Walking along the subway near South Kensington tube this afternoon, I heard a busking violinist play the Celine Dion hit ‘My Heart Will Go On’ from the 1997 film, Titanic. The choice of repertoire was very appropriate; it has recently been announced that a violin thought to belong to Wallace Hartley, band leader on the ill-fated ship, has been authenticated. Not that he would have been playing that song in 1912.
The story of Hartley’s band playing till the end has often been told. What intrigues me are conflicting reports: newspapers of 1912 reported that the violin, in a suitcase, was discovered strapped to his body, found some days after the ship sank. Other reports state that the inventory of his belongings, made after the discovery of the body, does not mention the violin. The violin authenticated as Hartley’s bears corrosion marks indicative of immersion in salt water.
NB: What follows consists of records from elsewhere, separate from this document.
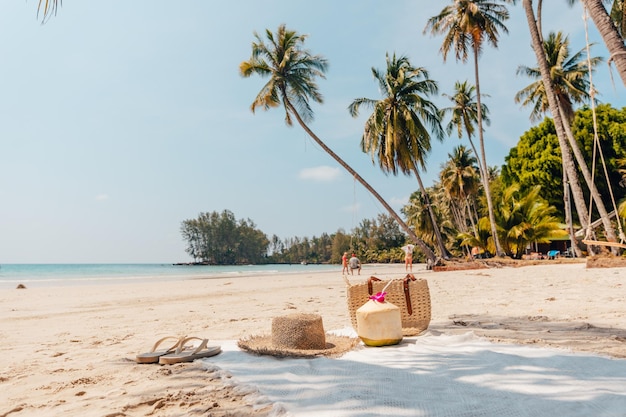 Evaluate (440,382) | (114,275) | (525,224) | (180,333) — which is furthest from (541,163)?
(114,275)

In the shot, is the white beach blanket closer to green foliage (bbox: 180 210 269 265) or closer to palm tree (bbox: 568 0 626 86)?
palm tree (bbox: 568 0 626 86)

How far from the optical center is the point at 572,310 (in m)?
5.43

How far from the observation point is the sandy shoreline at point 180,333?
2.38 metres

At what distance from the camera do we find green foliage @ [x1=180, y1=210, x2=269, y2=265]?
8725 cm

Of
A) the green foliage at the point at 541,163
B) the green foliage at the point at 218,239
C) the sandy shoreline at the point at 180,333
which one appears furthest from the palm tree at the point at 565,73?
the green foliage at the point at 218,239

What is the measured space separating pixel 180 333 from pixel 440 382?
3606mm

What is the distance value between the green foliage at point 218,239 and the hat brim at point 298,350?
86350 mm

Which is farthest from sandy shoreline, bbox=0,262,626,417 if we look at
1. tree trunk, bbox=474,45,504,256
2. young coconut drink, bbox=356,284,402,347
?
tree trunk, bbox=474,45,504,256

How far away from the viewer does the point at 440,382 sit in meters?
2.40

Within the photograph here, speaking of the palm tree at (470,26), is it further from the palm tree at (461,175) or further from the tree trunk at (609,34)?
the tree trunk at (609,34)

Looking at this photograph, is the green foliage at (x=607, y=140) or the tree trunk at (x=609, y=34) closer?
the tree trunk at (x=609, y=34)

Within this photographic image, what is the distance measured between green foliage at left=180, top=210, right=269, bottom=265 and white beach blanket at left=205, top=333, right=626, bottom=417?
8716 centimetres

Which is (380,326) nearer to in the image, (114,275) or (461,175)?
(461,175)

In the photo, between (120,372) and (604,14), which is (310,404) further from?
(604,14) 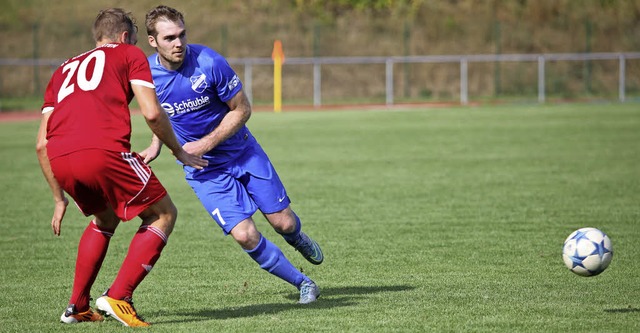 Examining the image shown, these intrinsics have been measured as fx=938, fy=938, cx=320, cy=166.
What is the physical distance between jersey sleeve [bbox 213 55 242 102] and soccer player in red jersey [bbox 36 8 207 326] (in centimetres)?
73

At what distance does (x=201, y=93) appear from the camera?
20.1 feet

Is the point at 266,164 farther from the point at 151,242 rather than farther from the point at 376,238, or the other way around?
the point at 376,238

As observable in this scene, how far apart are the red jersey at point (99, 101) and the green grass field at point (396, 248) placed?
45.4 inches

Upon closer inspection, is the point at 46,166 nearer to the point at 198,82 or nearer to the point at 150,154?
the point at 150,154

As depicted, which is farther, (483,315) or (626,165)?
(626,165)

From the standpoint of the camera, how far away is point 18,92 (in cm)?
3453

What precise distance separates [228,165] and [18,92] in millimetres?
30217

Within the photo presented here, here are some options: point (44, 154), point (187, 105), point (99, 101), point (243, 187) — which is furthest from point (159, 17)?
point (243, 187)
If this violin was on the ship, the image of Hartley finishing the final piece, putting his violin in the suitcase, and strapping the case to his body leaving his hands free to cope as best he could with the shipwreck, is remarkable. Here was a man facing likely death, fulfilling his professional obligations in extraordinary circumstances. But was he also looking at the slim chance of survival, and looking with hope towards a future, equipped with the instrument with which he made his living.
The violin has suffered damage, but I hope that someone, somewhere, restrings it and plays ‘Nearer my God to Thee’ in memory of Wallace Hartley and the brave musicians who perished with him. RIP.